Double Cross
Chapter 15: Double Cross
Planet three was made of ice.
Not the ordinary kind — not the ice in the freezer or the kind that forms on windows in winter. This ice was glass-smooth and dark blue, and it had formed into mountains and towers and arches so precise they looked like someone had designed them. The frozen ocean stretched in every direction, perfectly flat, perfectly transparent, so that thirty meters down you could see the shapes of enormous creatures preserved in the ice, their mouths open, their fins still mid-stroke, stopped in the middle of whatever they'd been doing when the planet froze.
The sky was white.
The wind was constant and the temperature on Doraemon's instrument was minus sixty-two.
The Space Suits handled it.

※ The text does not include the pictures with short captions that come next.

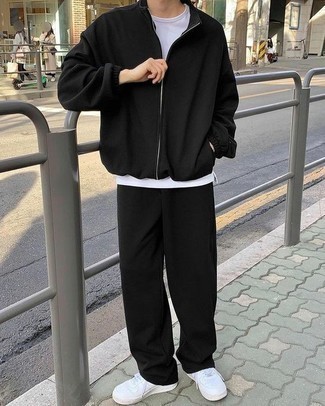 Black Track Suit Outfits For Men: If you gravitate towards modern casual combinations, why not marry a black track suit with a white crew-neck t-shirt? Add white leather low top sneakers to avoid looking too casual.
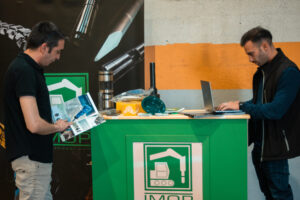 Equipa da IMOP atendendo visitantes e mostrando catálogos de componentes para máquinas de construção no seu stand durante o evento em Granada.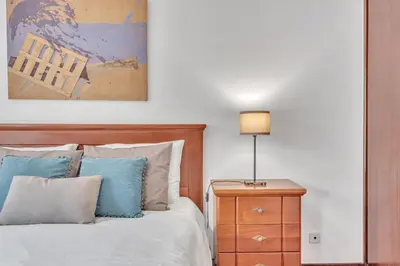a bedroom with a bed with blue pillows and a lamp at Apartamento São João in Funchal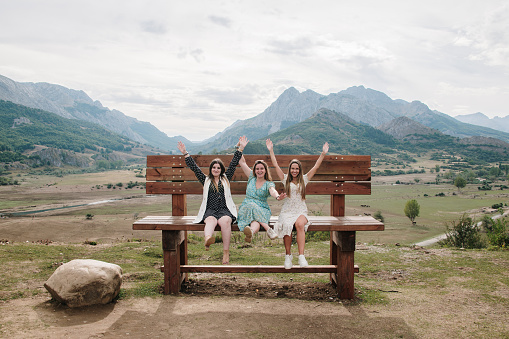 Three female friends with arms raised sitting on a giant bench in a mountains area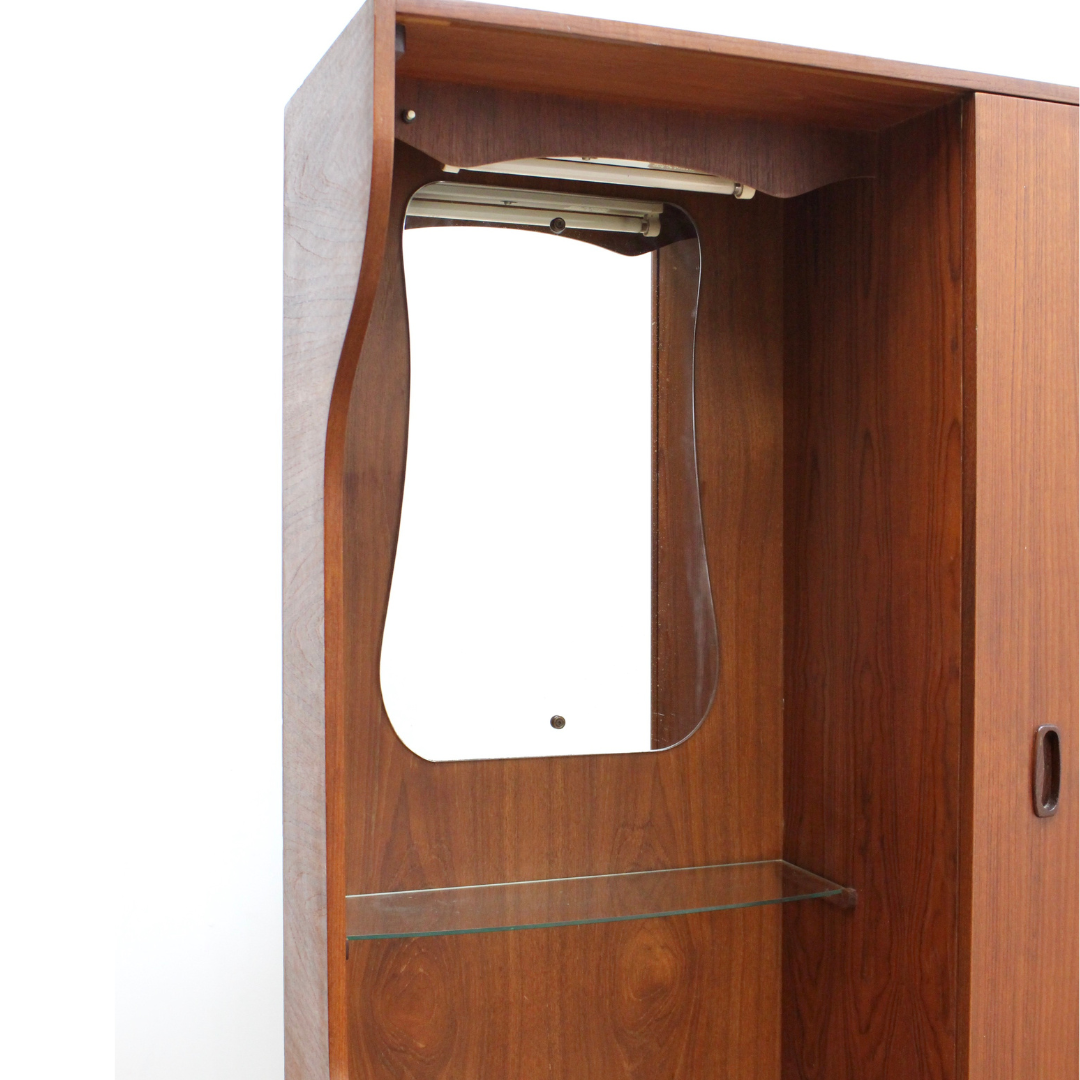 MID CENTURY TEAK ARMOIRE BY HUBBI-ROBE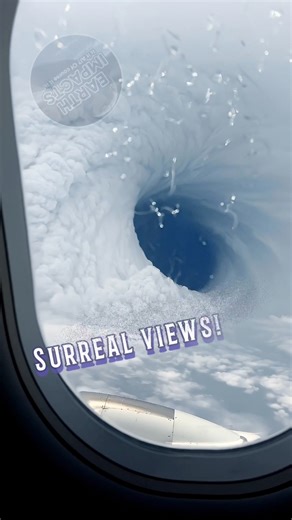 Twisting cloud seen sideways from a plane window ✈️ A massive spiral of clouds tilts dramatically, stretching across the horizon as if the sky itself is leaning. The sheer scale and motion are hypnotic, twisting gently in the wind. #airview #cloudspiral #fromabove #earthsky #fblifestyle #cloudformation #hurricane #cyclone #weather #skywatch #flightview #stormclouds #Earthimpacts #twistingcloud #atmosphere #openartai This video was created using AI for visual storytelling purposes. | Earth Impact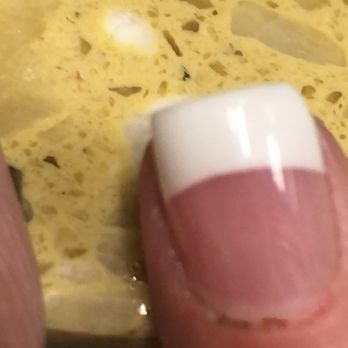JL Nails - Another bleeding cuticle. - A finger with a French manicure is pressed against a yellow, porous sponge, showing the nail and part of the finger. - Nail Salons Near Me - Howell, Michigan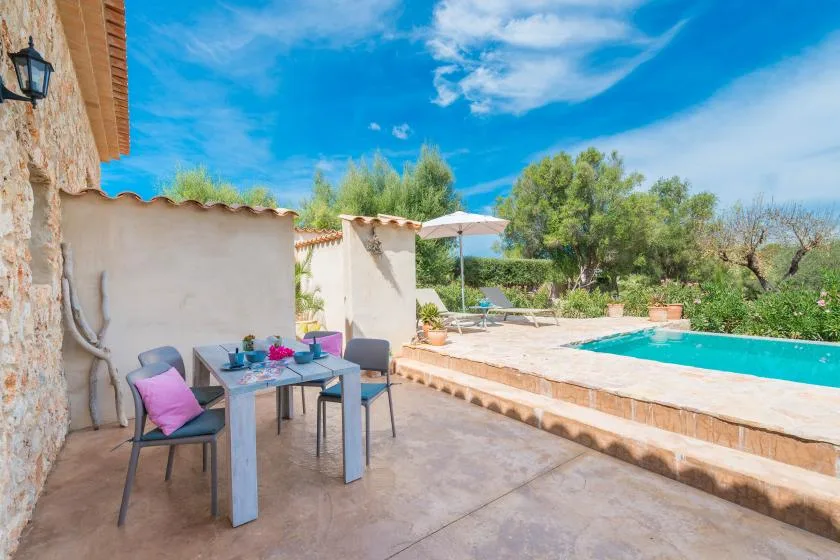 Una zona de comedor al aire libre junto a una piscina, con árboles y una sombrilla.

You couldn't feel the cold through them, which was a relief, except it also made the landscape feel less real — you were walking through the most frozen place any of them had ever seen and none of them were shivering, which made it feel like a movie set.
Giant pressed his face against the ice to look at one of the frozen creatures. It looked back at him with one enormous preserved eye.
"What is it?" he said.
"Probably something that didn't make it," Doraemon said.

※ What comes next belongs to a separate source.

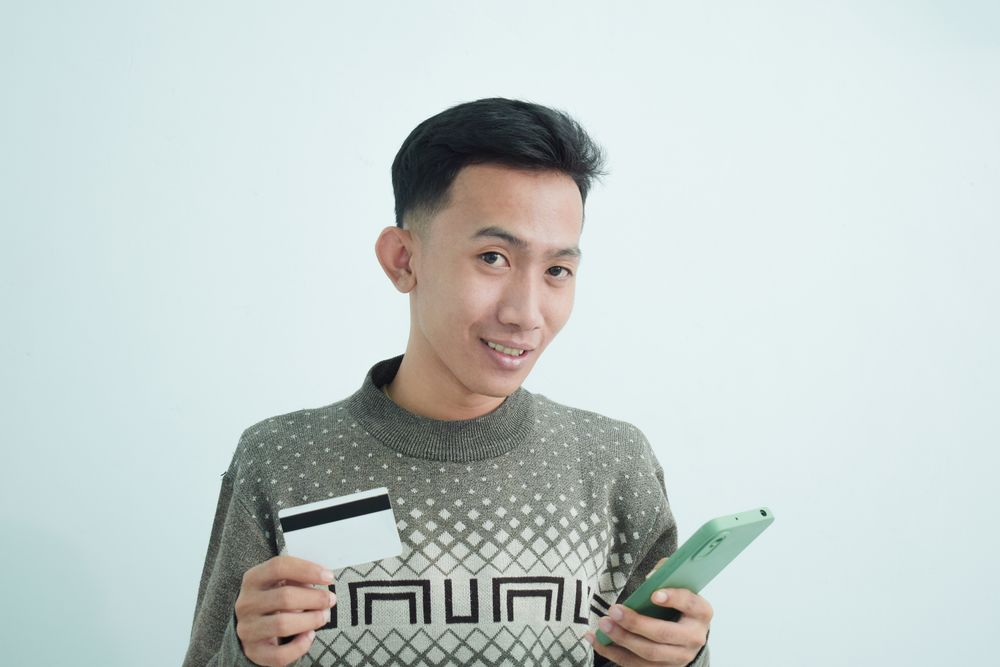 Curious Asian businessman in suit holding blank credit card and smartphone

Giant thought about this. He moved away from the creature's eye.
The path on this planet was more obvious than the others — or had been, once. There was a cut road through the ice mountains, following a straight line. But the road had traps on it, and the traps were invisible.

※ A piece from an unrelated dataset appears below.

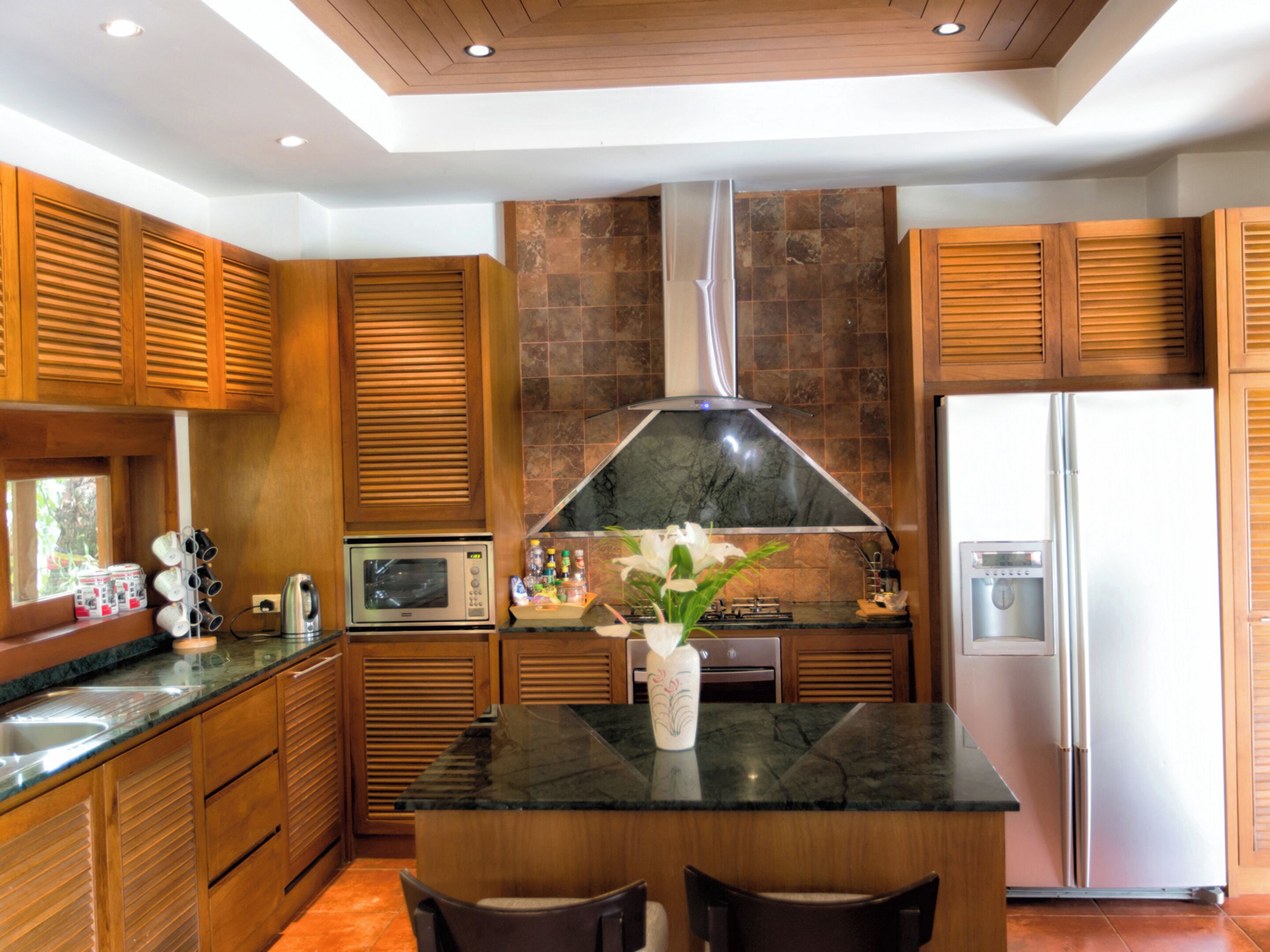A modern kitchen with wooden cabinets, a central island, stainless steel appliances, and a decorative vase with flowers.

The first one happened to Nobita.
He was walking on a section of ice that looked solid and reflected the white sky perfectly, and then he was not walking on it because it was not there. It was an illusion — a projected image of ice over empty air, over a drop of about fifteen meters into a crevasse filled with needles of broken ice.
Nobita fell.
Doraemon grabbed him with the Takecopter three meters from the bottom.
They landed on a ledge. Nobita sat on it for a moment with his eyes closed, breathing carefully through his nose.
"Loki," Suneo said.
The others looked at him.
"He did this." Suneo looked at the false ice, which had not disappeared — the illusion was still there, a perfect sheet, exactly the right color and reflection. "He was here before us. He had time to set traps."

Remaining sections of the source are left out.